Recklessly defensive

Pub date November 24, 2009
WriterL.E. Leone
SectionCheap EatsSectionFood & Drink

le.chicken.farmer@gmail.com

CHEAP EATS I like to live like I like to love: with my back to the wall, my skirt hiked up, and my hair a mess. Come to think of it, I like to play ping-pong and soccer that way too, but rarely wear skirts to games.

In case they never see me again, my soccerish pals Alice Shaw the Person and Elbie wanted to buy me brunch after our 3-3 tie last Sunday. It was the first game of the new season, but I’m going to miss the second and third, as well as the fourth through tenth, and quite possibly all of next season, come to think of it, and the next after that. And … hey, you never know.

When I went to Berlin last summer, there were isolated pockets of concern that I wouldn’t come back. This time it’s an all-out rumor. Everyone in the world, myself included, seems to think my return ticket might maybe be just for show. My friends who have actually met my Romeo, Romea, are convinced of it.

We make a damn good couple.

And I haven’t been helping matters by quitting my nanny gigs, subletting my shack, and giving away half my things. I’m even selling my car, Alice Shaw the Car, to Alice Shaw the Person’s little sister, which seems to make a certain sense, but certainly not financial sense. Funny, everything I have ever done that was by-the-books sound, advisable, or fiscally responsible has blown up in my face.

On the other hand, my soccer team won two championships in a row, and yes I am still thank you in love. But it’s a tricky proposition, living insanely without going insane. It’s like playing like I play: recklessly defensive. Sometimes you overcommit and slip and then your back-to-the-wall is skidding across the grass while the other team scores.

I wish I could take my soccer team to Germany with me, because they tend to pick me up, so to speak. But they’re all Brazilian and would struggle with the language. And the weather. And the style of play.

Anyway, I’m unaccustomed to winning, and a little disappointed because all we get for it is a T-shirt and a team photo.
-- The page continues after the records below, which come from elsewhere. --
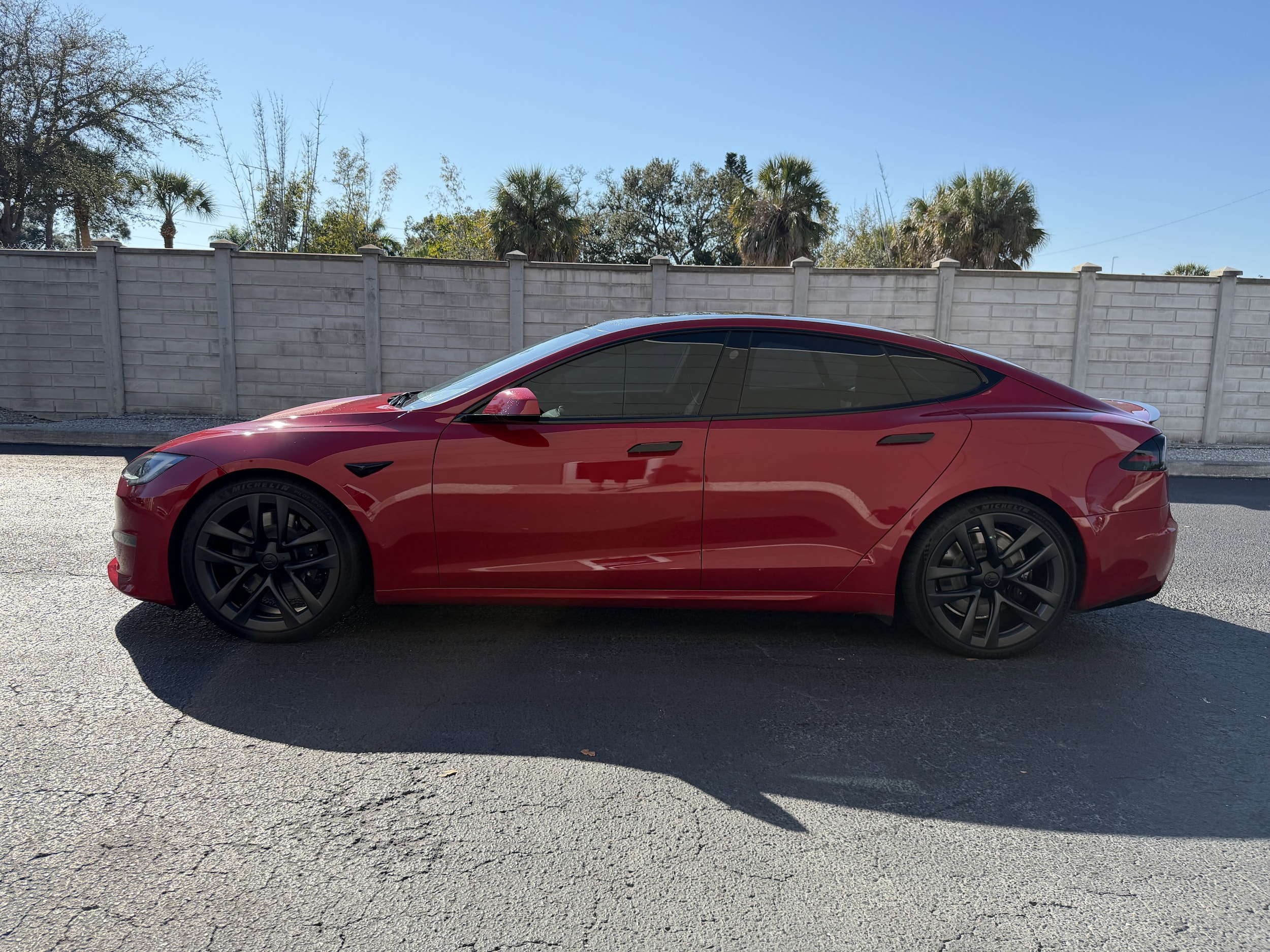 Used 2022 Tesla Model S Plaid with VIN 5YJSA1E62NF479541 for sale in Sarasota, FL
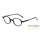 greenline Lesebrille PURE schwarz havanna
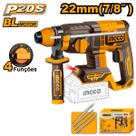 Martelete Combinado INGCO Bl SDS Plus Bateria 20V P20S Martelete Combinado INGCO Bl SDS Plus Bateria 20V P20S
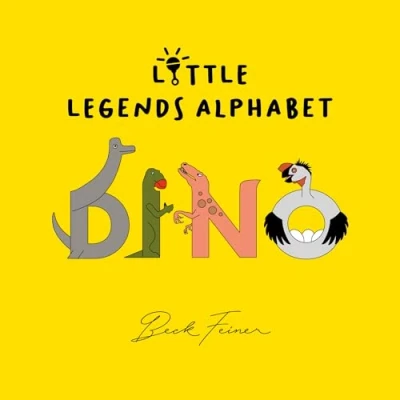 Afbeelding van Dino Little Legends Alphabet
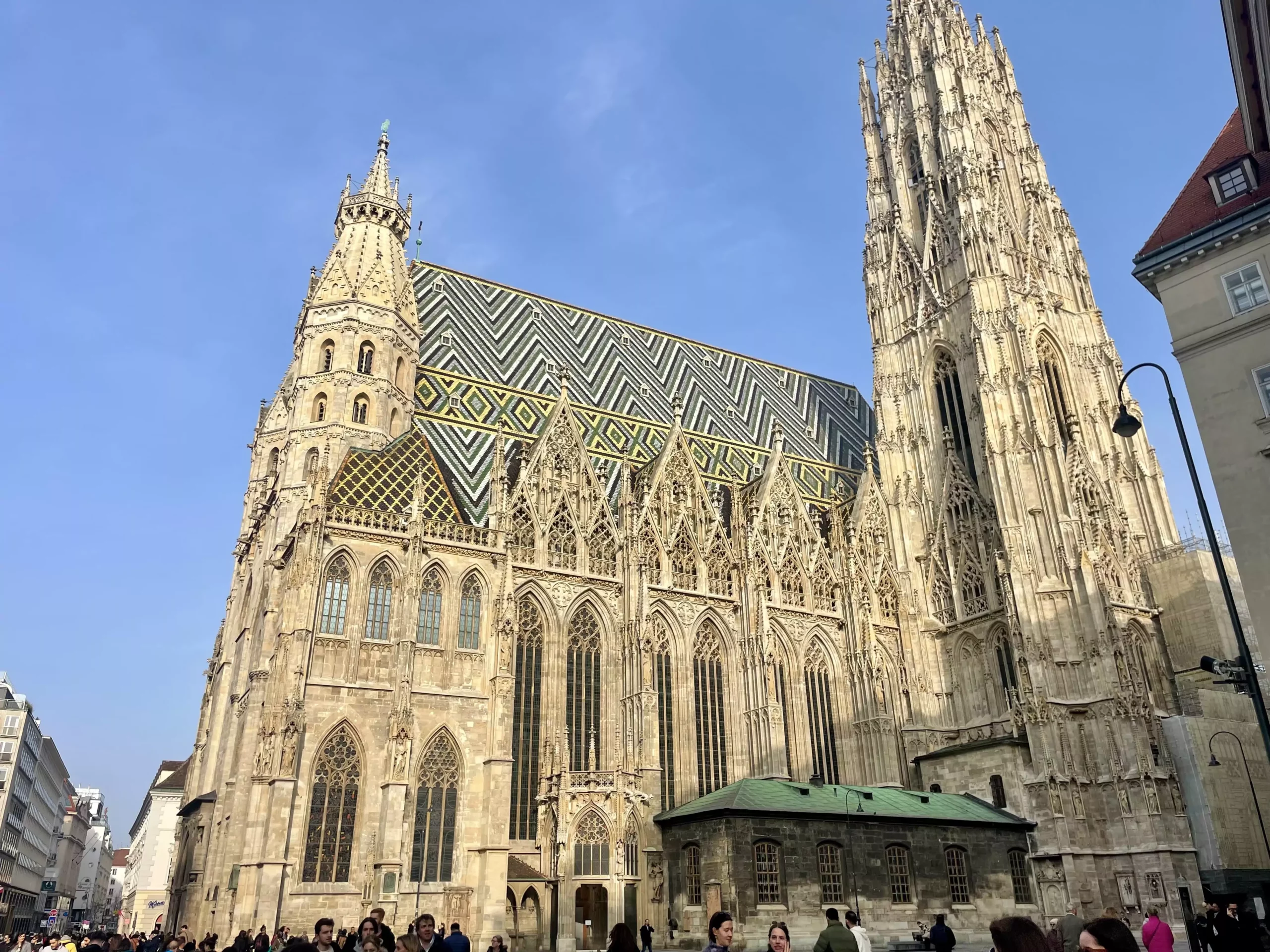 Bild auf 5min.at zeigt den Stephansdom in Wien.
Otherwise, it’s almost the same as losing: you shake the other team’s hands and say the exact same thing they say, "Good game, good game," and then you go get beers or pancakes or something, or both. I don’t know, maybe there are other differences.

The real problem is that our league plays on Sundays, in the morning, so where are you going to get fed and watered afterward without having to wait in line?

Sports bars! It took me many years to figure this out, and then … I didn’t figure it out. Someone else did. I think it was Elbie’s guy who suggested the Fiddler’s Green after last game, and after this one I was hurrying down Haight Street to get in line at the Pork Store when I noticed Martin Mack’s, other side of the street, a block or so away. And it was empty, even though there was football and soccer and more football on TV. It was a sea of empty tables in there, and, yes, they serve brunch.

So I called Alice Shaw the Person’s cell phone and said, "Forget it. Forget the Pork Store."

And that was how I came to discover boiled bacon and cabbage. It was on the specials board, along with Guinness and beef stew, and I forget what else. Me and Elbie ordered those two things, and Alice got the Irish breakfast, and it was all a lot of too-much food for all of us, even though we’d just run around like we did.

Ten bucks apiece.

My dish came with unannounced but not unwelcome potatoes, mashed. The bacon scared me at first, not because it was Irish bacon, or boiled, but because it was smothered in this parsley-specked creamy white sauce that screamed mayonnaise. The waitressperson told me two or three times, no mayo, before I would taste it. And then I tasted it and it was awesome. If there was mayonnaise in it, I now love mayonnaise.

Stranger things have happened.

MARTIN MACK’S

Mon.–Sun., 10 a.m.–2 a.m.

1568 Haight, SF

(415) 864-0124

Full bar

AE/D/MC/V

L.E. Leone’s new book is Big Bend (Sparkle Street Books), a collection of short fiction.